Derivatives of klBin and the auxiliary function g(q) = klBin p q − 2 (p − q)²

The derivative of klBin p q with respect to q is (q − p) / (q (1 − q)). The derivative of (p − q)² is −2 (p − q). Their difference gives the factored form (q − p) · (1 − 2q)² / (q (1 − q)), whose sign reduces to sign(q − p).

theorem InformationTheory.hasDerivAt_klBin_q (p q : ℝ) (hp₀ : 0 < p) (hp₁ : p < 1) (hq₀ : 0 < q) (hq₁ : q < 1) : HasDerivAt (fun (q : ℝ) => klBin p q) ((q - p) / (q * (1 - q))) q

Derivative of klBin p · at a point q ∈ (0, 1) with p ∈ (0, 1).

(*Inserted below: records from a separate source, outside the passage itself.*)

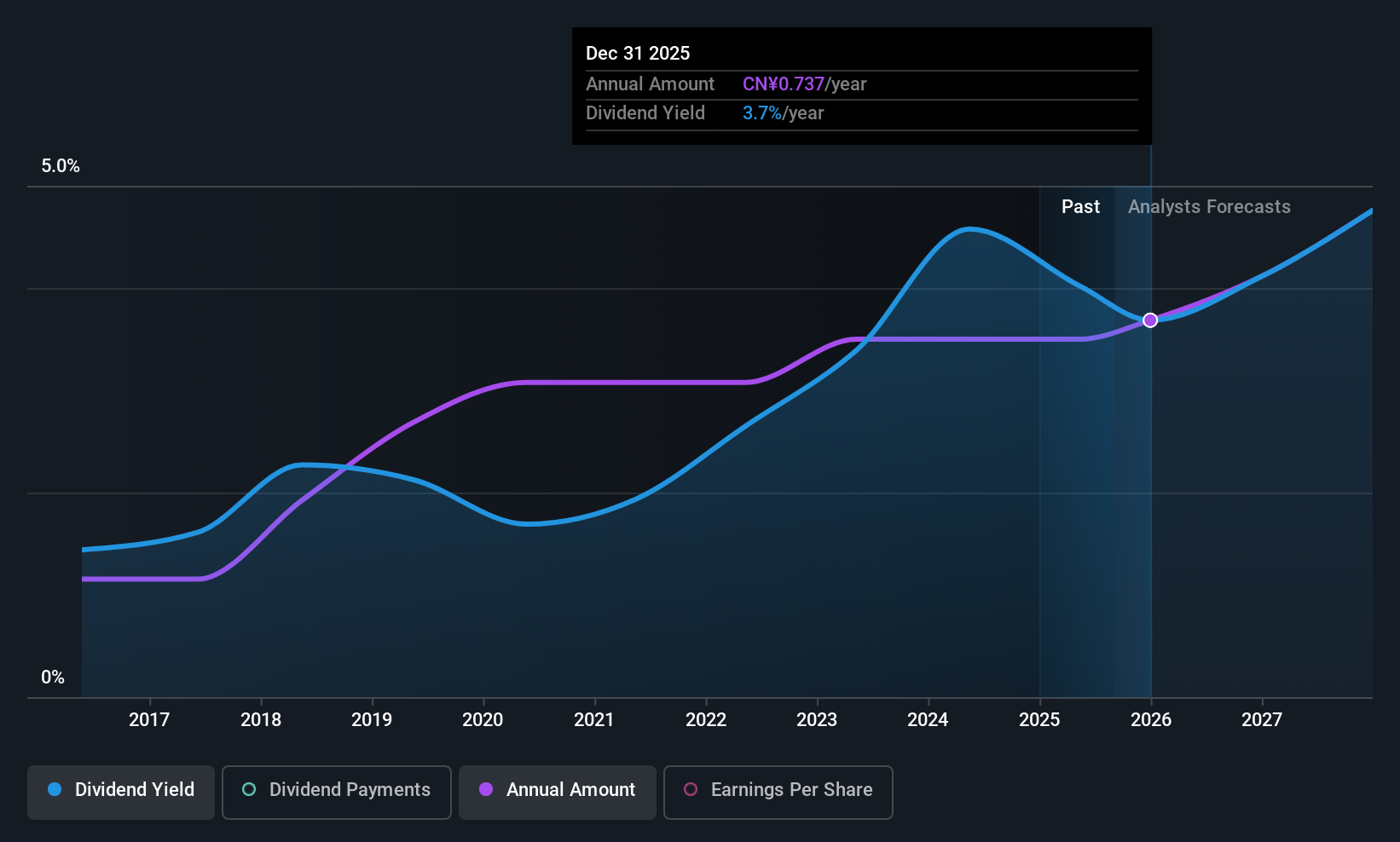 SZSE:002690 Dividend History as at Aug 2025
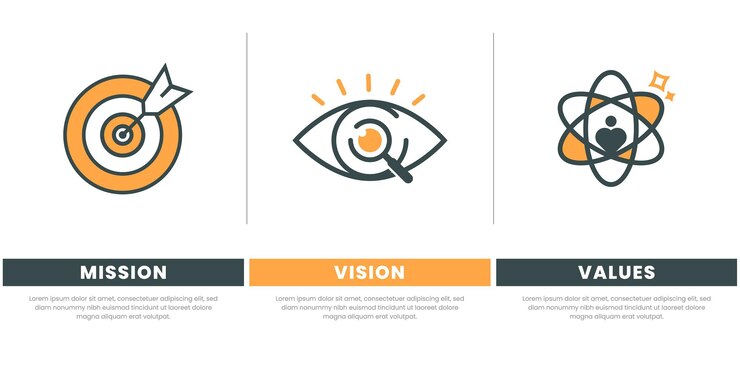 Mission Vision Values infographic Banner template Company goal infographic design with flat icon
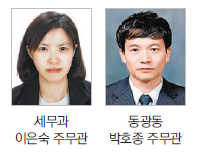 이달의 친절공무원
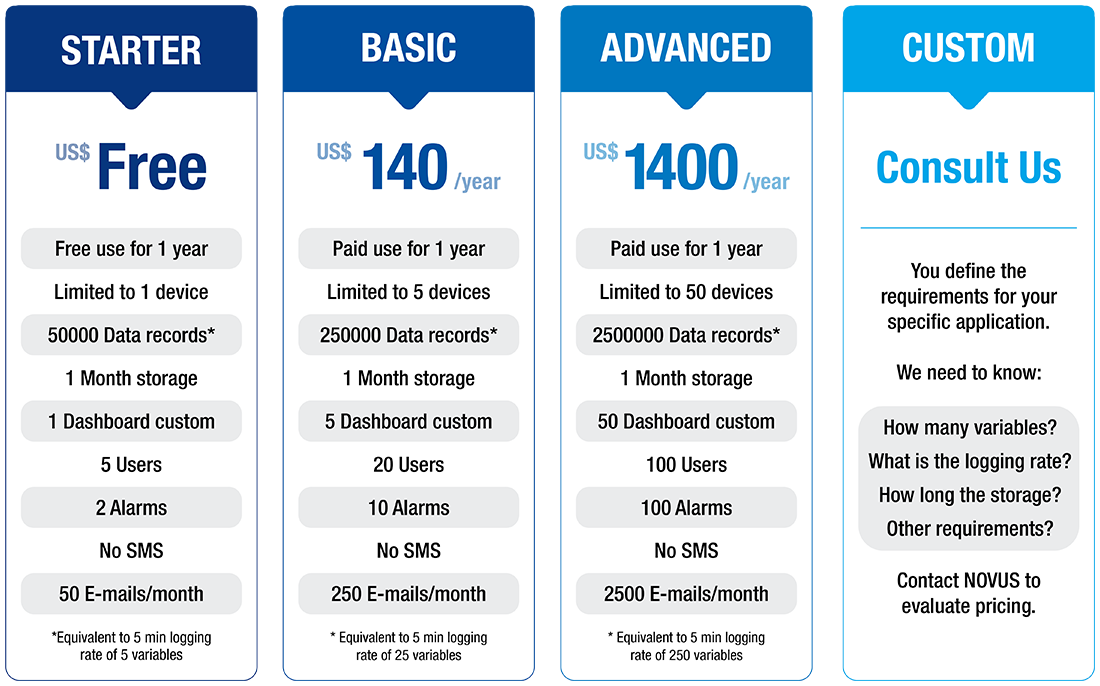 Novus Cloud IOT Platform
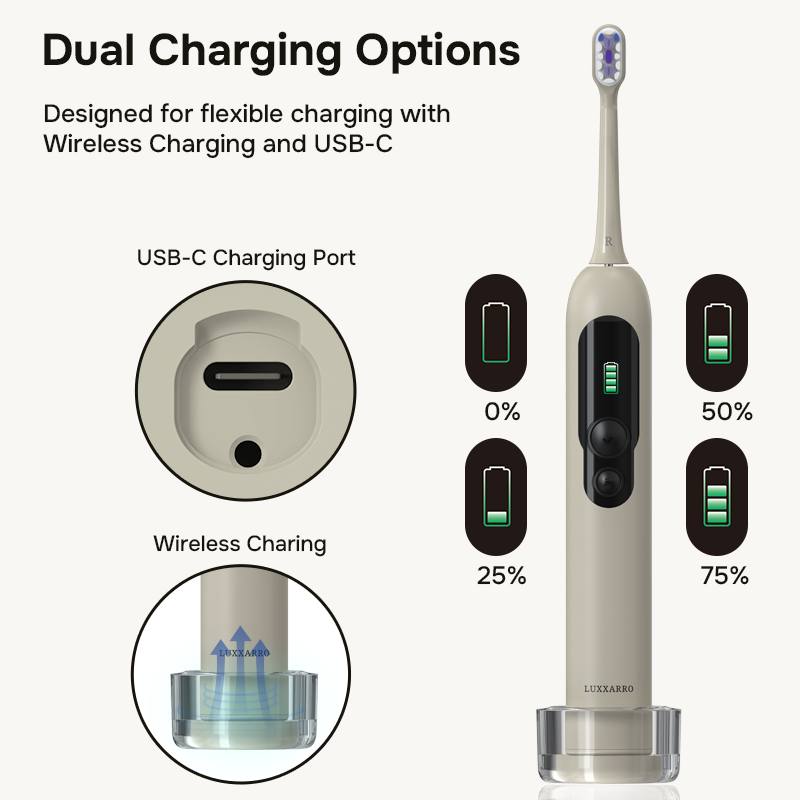 Sonický elektrický zubní kartáček Luxxarro Calibre – 5 režimů čištění, 60° oscilace, nabíjení přes USB-C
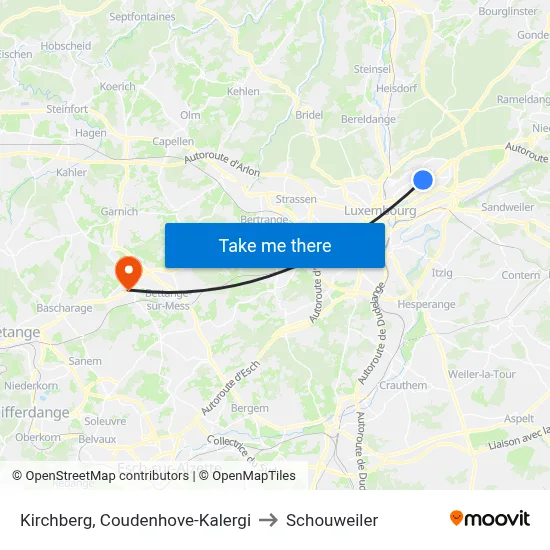 Kirchberg, Coudenhove-Kalergi to Schouweiler map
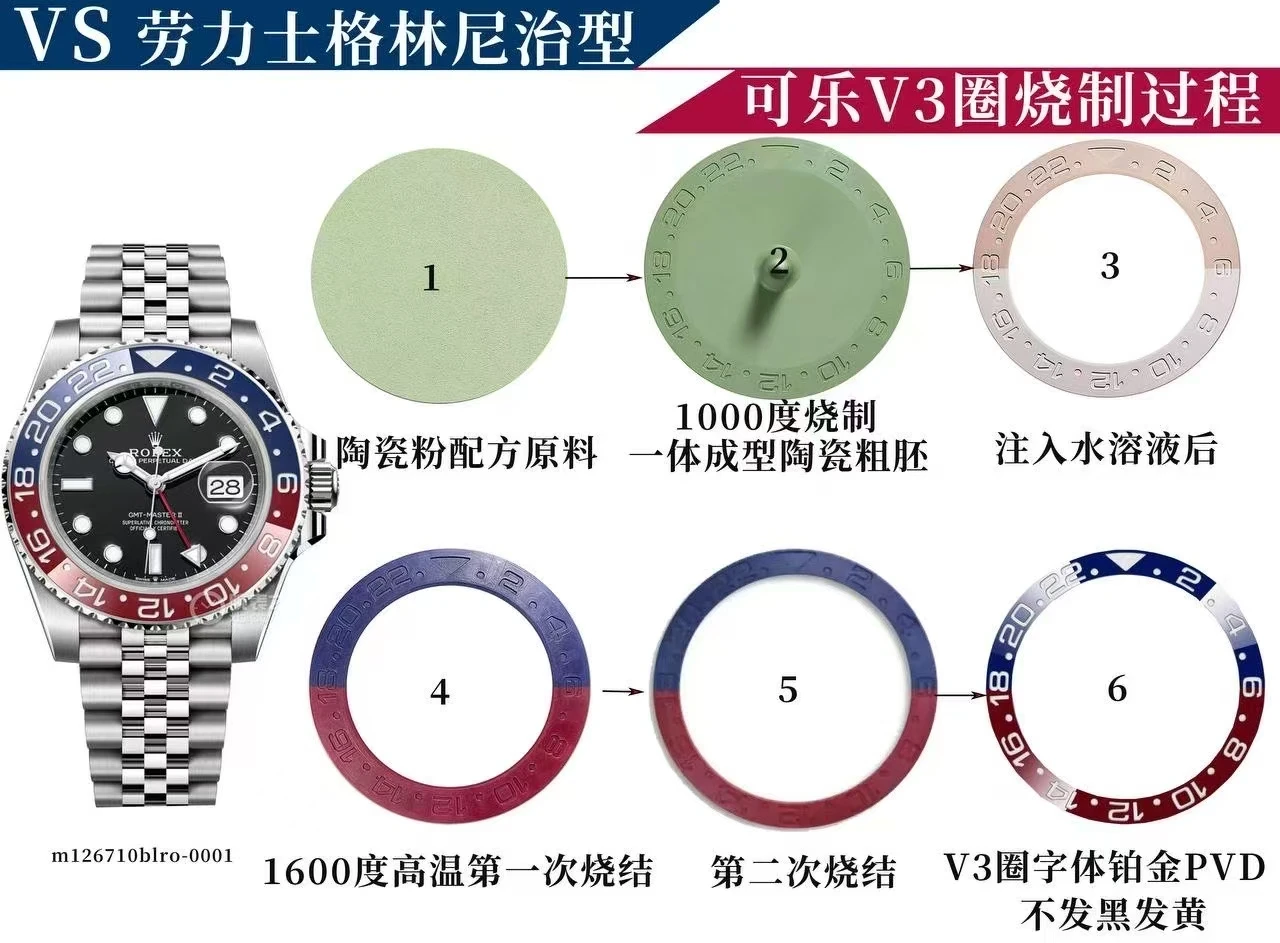 e01ce4fdc77a701 AMO Watch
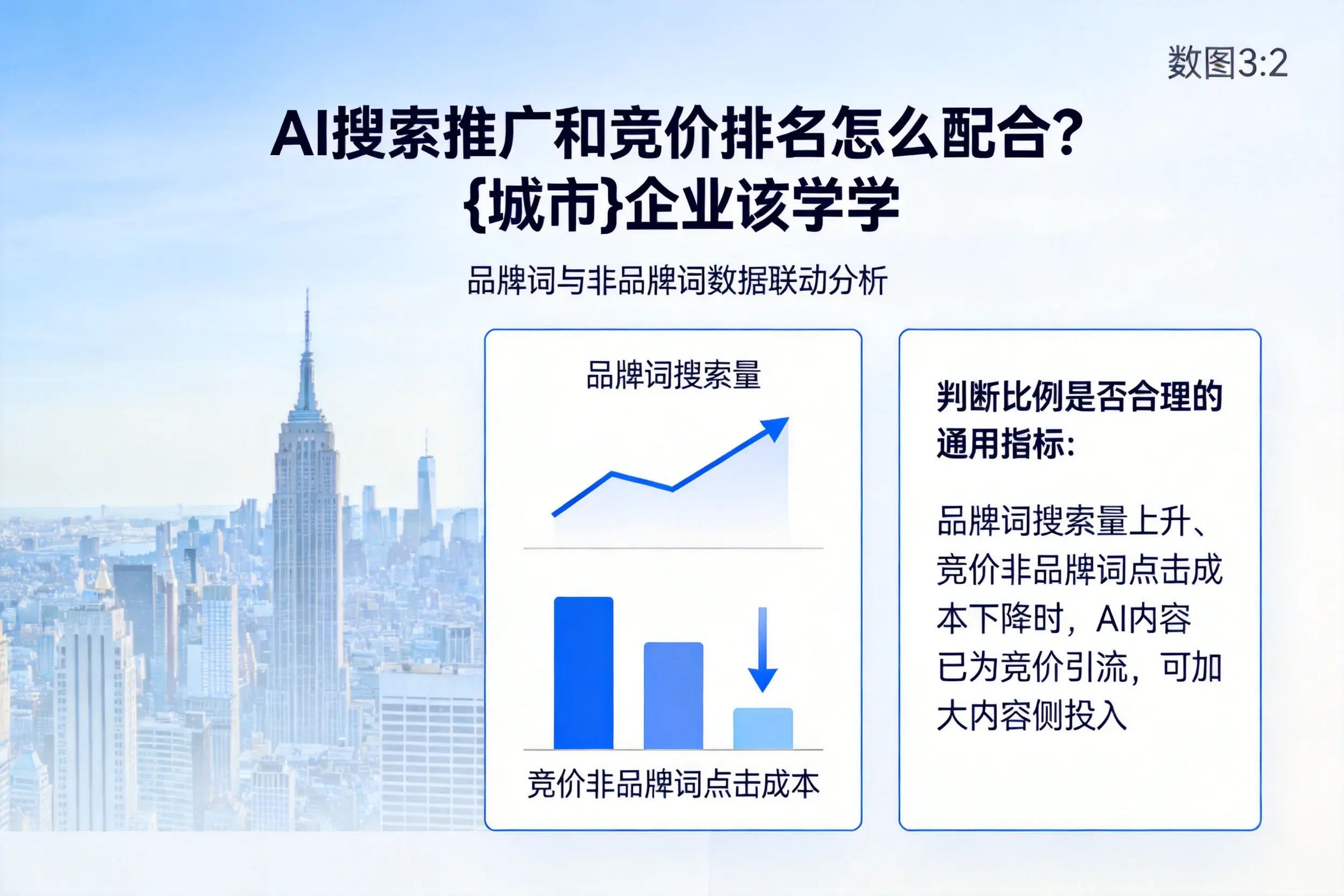 AI搜索推广和竞价排名怎么配合？杭州企业该学学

theorem InformationTheory.hasDerivAt_sub_sq (p q : ℝ) : HasDerivAt (fun (q : ℝ) => (p - q) ^ 2) (-2 * (p - q)) q

Derivative of (p − q)² with respect to q.

theorem InformationTheory.hasDerivAt_g (p q : ℝ) (hp₀ : 0 < p) (hp₁ : p < 1) (hq₀ : 0 < q) (hq₁ : q < 1) : HasDerivAt (fun (q : ℝ) => klBin p q - 2 * (p - q) ^ 2) ((q - p) * (1 - 2 * q) ^ 2 / (q * (1 - q))) q

Factored derivative identity. Derivative of g(q) := klBin(p, q) − 2 (p − q)² has the factored form (q − p) · (1 − 2q)² / (q · (1 − q)), reducing the sign of the derivative to sign(q − p).